Notre vision de la formation concerne l'être tout entier : « la formation est plus qu'un rapport au savoir, elle est rapport au monde, elle est une construction de l'être-au-monde » (Cottereau, 2001). Notre démarche a donc été de penser la formation aussi à travers les relations d'accompagnement, pour voir en quoi elles pouvaient participer à la construction identitaire des éducateurs à l'environnement et développer des compétences et capacités nouvelles (par la co-formation notamment).

Selon Paul (2009), l'accompagnement répond à une triple visée : la place du sujet dans son groupe social et sa culture d'appartenance, la construction d'une identité singulière et l'insertion dans l'ordre de l'humain. Rappelons que l'appartenance à un groupe social et la construction d'une identité professionnelle sont permises dans un mouvement de confrontation, avec des allers et des retours (confrontation avec l'autre, avec soi et avec l'environnement), et dans un mouvement d'altération (« différence par changement »).
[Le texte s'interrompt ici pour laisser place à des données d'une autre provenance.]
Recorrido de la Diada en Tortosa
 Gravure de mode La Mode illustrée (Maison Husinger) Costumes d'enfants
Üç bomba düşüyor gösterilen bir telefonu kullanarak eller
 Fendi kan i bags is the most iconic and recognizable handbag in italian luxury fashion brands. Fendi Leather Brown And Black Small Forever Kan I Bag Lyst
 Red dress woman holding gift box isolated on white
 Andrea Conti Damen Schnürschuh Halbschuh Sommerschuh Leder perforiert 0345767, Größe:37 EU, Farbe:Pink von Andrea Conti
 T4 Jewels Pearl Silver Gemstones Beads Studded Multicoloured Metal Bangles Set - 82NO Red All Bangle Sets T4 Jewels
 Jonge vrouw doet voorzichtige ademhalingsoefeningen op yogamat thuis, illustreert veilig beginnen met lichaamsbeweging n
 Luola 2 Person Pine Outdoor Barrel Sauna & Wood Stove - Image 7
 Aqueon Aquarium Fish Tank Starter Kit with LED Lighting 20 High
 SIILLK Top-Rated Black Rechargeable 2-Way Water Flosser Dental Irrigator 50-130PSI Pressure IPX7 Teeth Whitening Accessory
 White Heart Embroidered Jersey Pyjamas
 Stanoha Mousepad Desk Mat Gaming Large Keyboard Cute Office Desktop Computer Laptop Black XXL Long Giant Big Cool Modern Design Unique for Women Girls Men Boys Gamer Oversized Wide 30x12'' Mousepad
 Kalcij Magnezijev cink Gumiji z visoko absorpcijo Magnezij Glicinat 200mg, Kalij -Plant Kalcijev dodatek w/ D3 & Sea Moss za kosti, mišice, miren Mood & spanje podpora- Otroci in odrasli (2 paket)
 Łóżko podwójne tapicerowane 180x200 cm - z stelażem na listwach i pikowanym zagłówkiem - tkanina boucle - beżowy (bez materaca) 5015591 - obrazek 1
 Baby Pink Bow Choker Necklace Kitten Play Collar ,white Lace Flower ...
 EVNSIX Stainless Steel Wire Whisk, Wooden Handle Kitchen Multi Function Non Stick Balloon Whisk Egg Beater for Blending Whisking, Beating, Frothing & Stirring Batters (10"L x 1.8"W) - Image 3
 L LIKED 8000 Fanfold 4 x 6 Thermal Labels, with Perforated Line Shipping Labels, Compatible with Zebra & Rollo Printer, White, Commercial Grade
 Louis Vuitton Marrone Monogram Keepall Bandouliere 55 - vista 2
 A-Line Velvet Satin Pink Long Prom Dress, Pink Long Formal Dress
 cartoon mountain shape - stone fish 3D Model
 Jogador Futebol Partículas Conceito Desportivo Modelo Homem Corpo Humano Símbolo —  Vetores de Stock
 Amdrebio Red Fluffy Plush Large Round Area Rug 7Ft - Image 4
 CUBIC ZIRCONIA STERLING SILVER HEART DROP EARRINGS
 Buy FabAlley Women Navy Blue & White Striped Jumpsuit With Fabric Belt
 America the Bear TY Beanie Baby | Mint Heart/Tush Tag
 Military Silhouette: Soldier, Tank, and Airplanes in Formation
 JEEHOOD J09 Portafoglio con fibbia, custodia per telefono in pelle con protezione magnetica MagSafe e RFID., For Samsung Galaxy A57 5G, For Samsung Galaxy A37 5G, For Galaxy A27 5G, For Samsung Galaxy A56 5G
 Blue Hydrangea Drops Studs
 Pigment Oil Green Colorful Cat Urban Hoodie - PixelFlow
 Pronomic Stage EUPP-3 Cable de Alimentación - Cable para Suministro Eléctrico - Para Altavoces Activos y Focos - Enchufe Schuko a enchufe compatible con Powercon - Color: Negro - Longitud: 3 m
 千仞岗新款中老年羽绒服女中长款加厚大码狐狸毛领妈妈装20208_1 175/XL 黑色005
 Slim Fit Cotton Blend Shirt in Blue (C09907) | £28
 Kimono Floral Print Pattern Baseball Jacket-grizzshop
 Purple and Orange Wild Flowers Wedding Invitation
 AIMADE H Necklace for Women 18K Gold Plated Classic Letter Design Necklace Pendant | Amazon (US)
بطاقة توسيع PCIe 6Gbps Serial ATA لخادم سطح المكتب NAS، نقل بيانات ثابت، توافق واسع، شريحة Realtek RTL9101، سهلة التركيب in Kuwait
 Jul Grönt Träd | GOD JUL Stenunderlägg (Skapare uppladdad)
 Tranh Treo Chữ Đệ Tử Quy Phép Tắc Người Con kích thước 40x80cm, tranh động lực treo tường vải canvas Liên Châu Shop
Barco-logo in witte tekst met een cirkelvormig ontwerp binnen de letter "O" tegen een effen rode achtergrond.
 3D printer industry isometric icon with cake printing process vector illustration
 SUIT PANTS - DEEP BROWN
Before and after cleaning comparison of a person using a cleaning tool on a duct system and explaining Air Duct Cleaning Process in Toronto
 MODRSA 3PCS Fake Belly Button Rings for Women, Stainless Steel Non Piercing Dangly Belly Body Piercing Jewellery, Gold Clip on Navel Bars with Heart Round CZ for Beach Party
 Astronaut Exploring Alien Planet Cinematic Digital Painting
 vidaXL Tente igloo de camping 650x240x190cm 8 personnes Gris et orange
À l'image des réseaux d'échanges réciproques de savoirs, les réseaux d'éducation à l'environnement sont des organisations « apprenantes » qui gagneraient à travailler davantage sur le développement de la capacité d'autoformation des individus, en favorisant une démarche de réciprocité avec les pairs (Héber-Suffrin, 2001). Le rôle des réseaux d'éducation à l'environnement est à la fois de créer les conditions favorables au développement des relations d'accompagnement, de développer de nouvelles formes de formations et d'apprentissages telles la co-formation, de développer l'apprenance des éducateurs à l'environnement, et de favoriser l'émergence de nouveaux formateurs en éducation à l'environnement.